_Task material_:
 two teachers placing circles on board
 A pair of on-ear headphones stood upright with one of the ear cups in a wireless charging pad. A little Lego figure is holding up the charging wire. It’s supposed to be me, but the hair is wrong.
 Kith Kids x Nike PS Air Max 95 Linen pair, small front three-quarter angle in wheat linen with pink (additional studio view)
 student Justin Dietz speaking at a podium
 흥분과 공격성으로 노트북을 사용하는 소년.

--

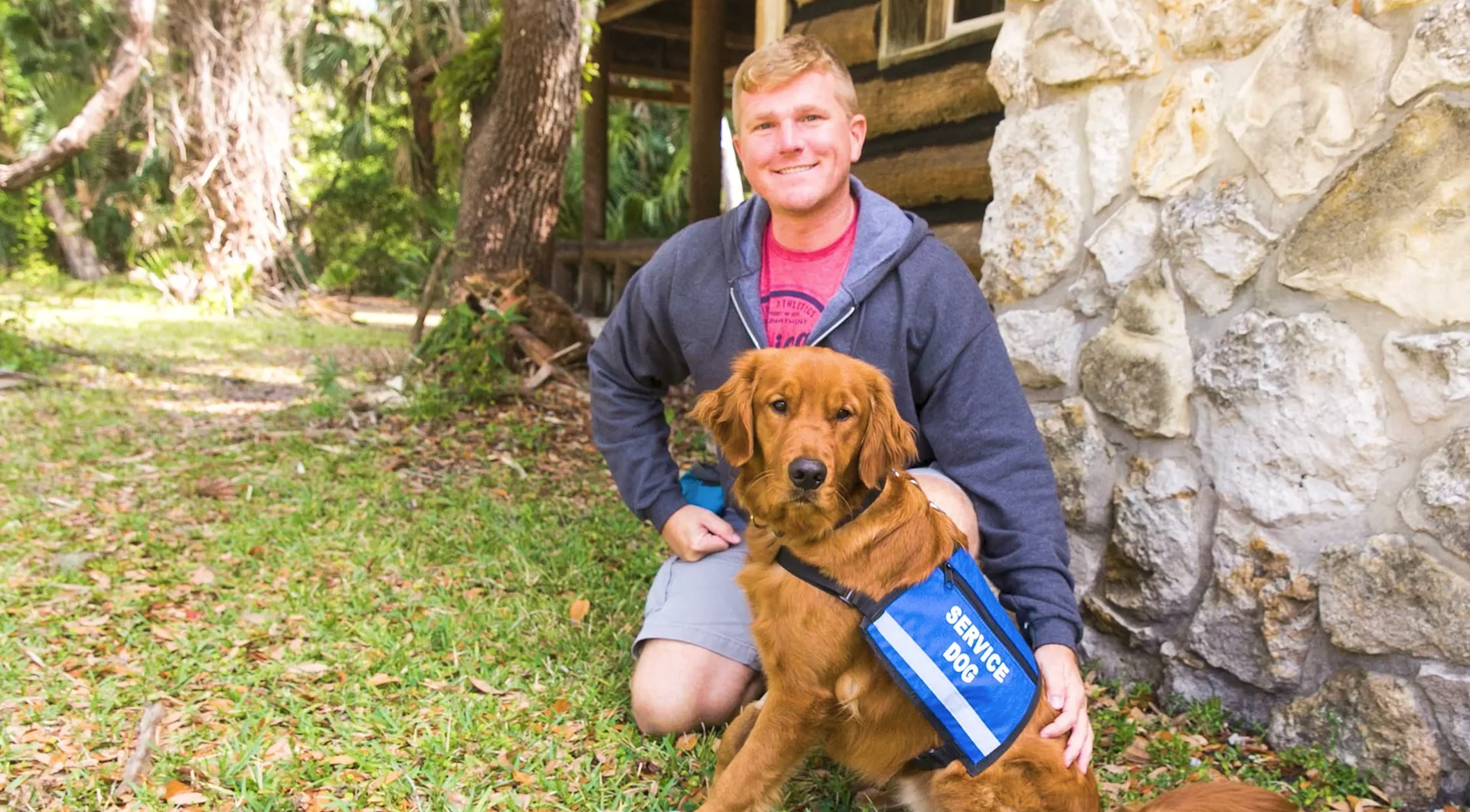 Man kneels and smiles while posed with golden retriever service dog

--

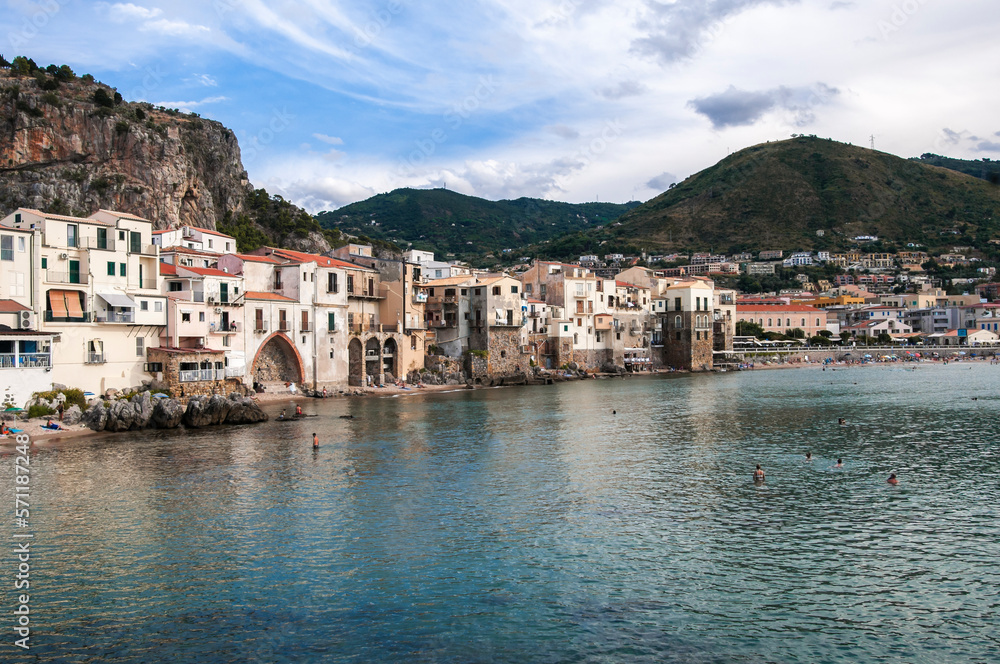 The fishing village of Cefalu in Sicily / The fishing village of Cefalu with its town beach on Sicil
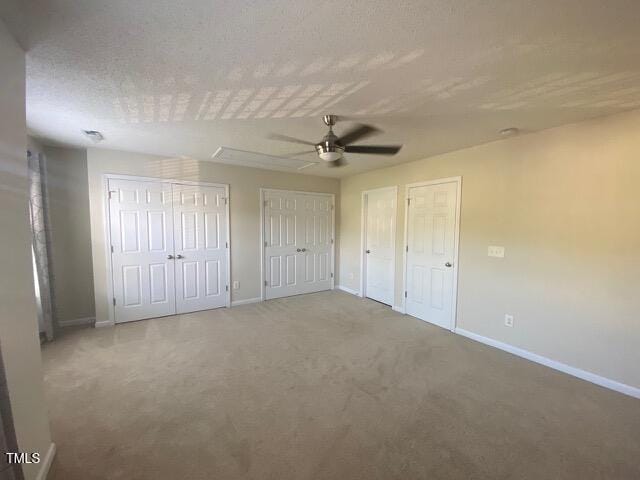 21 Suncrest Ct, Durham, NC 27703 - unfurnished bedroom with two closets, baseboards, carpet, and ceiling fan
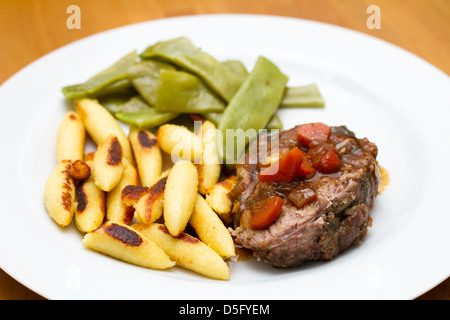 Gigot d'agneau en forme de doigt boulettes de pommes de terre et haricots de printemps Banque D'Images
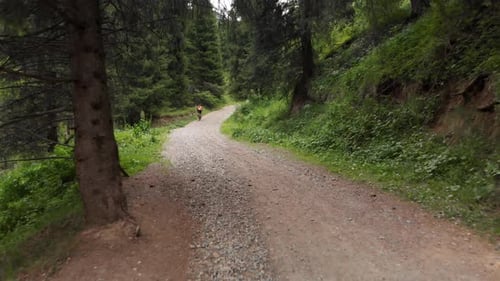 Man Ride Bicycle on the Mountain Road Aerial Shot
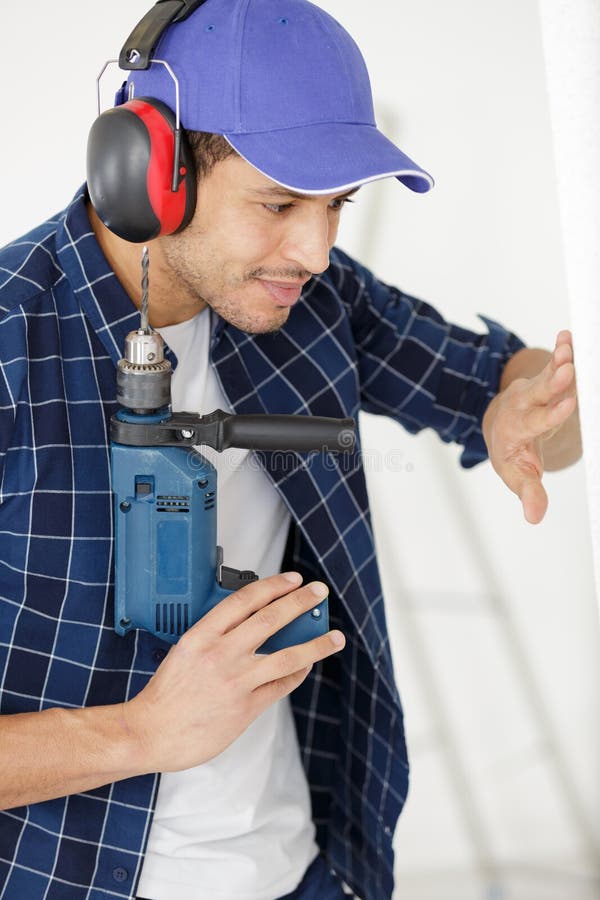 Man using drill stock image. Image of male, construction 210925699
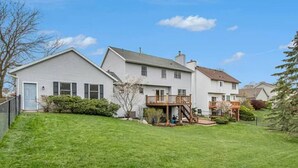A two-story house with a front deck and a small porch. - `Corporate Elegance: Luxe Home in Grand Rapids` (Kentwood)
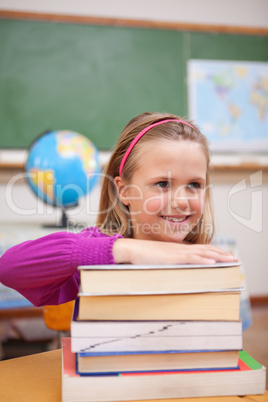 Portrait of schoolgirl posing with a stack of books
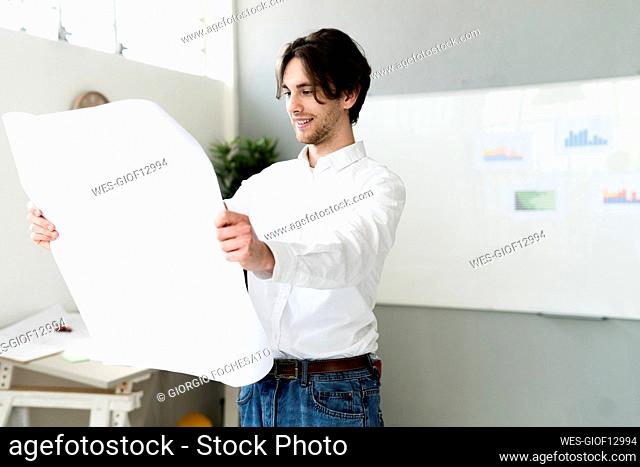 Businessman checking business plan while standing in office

_How to complete this task_:
Starting at the line containing "Man using drill" and finishing at the line containing "Businessman checking business", return those lines exactly as they appear above, without the pictures.

_Written response_:
 Man using drill stock image. Image of male, construction 210925699
A two-story house with a front deck and a small porch. - `Corporate Elegance: Luxe Home in Grand Rapids` (Kentwood)
 Portrait of schoolgirl posing with a stack of books
 Businessman checking business plan while standing in office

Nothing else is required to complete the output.